*** Opening of Given entries ***
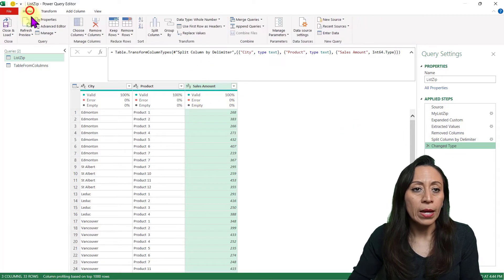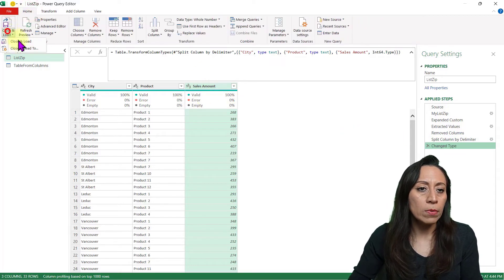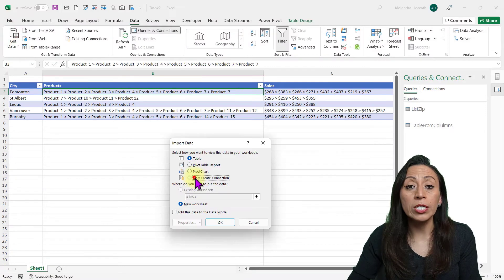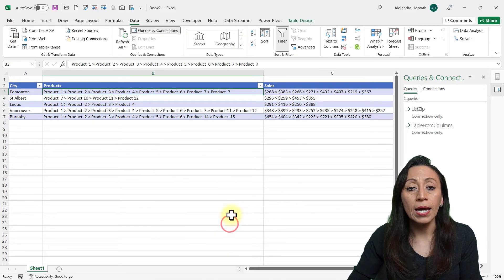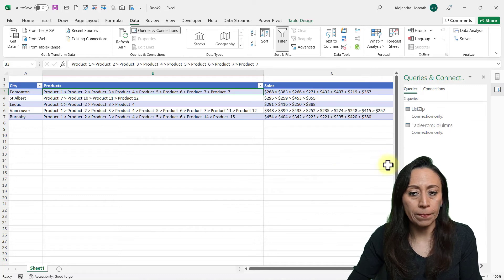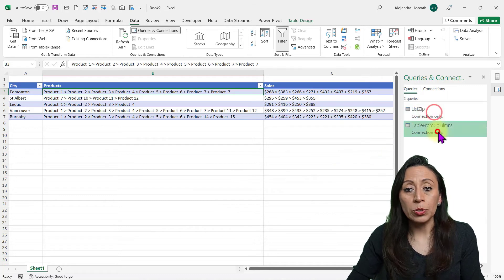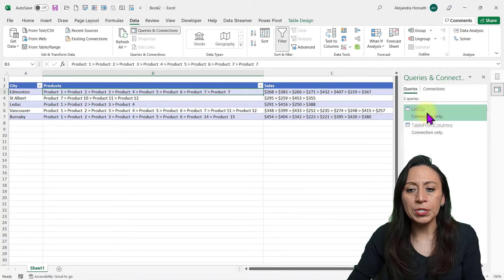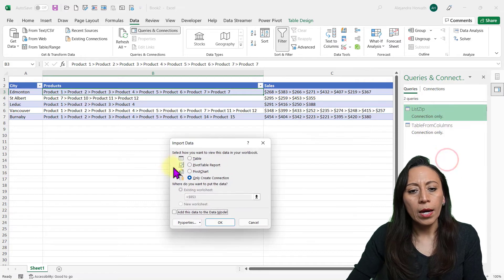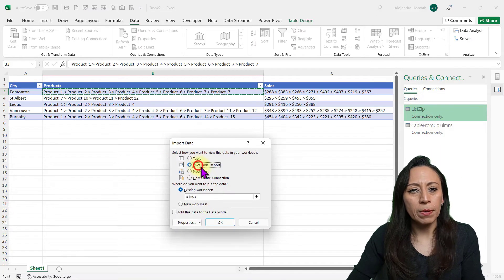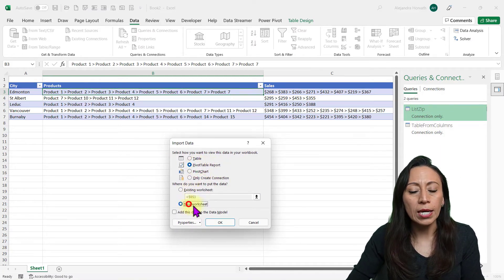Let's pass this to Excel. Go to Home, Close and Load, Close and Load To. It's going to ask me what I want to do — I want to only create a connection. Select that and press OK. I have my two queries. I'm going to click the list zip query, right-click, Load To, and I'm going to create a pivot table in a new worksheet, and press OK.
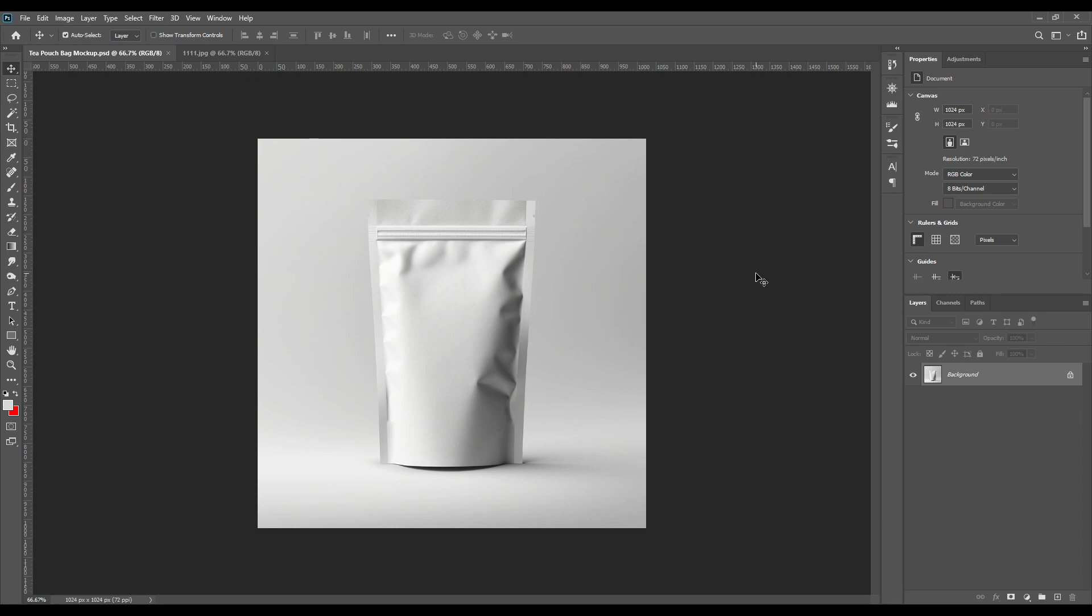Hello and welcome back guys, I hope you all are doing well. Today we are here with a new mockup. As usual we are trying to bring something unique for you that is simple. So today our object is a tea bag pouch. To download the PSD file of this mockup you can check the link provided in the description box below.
*** Close of Given entries ***
*** Opening of Given entries ***
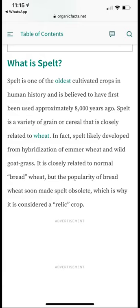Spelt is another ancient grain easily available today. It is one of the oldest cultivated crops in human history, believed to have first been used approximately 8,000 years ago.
*** Close of Given entries ***
*** Opening of Given entries ***
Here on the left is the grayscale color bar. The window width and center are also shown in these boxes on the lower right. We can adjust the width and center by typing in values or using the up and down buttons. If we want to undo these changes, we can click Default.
*** Close of Given entries ***
● What you have to do:
Write out exactly the run of lines above that starts at the line containing "Let's pass this" and ends at the line containing "Hello and welcome". Include both, and leave the pictures out.

● Answer:
Let's pass this to Excel. Go to Home, Close and Load, Close and Load To. It's going to ask me what I want to do — I want to only create a connection. Select that and press OK. I have my two queries. I'm going to click the list zip query, right-click, Load To, and I'm going to create a pivot table in a new worksheet, and press OK.
Hello and welcome back guys, I hope you all are doing well. Today we are here with a new mockup. As usual we are trying to bring something unique for you that is simple. So today our object is a tea bag pouch. To download the PSD file of this mockup you can check the link provided in the description box below.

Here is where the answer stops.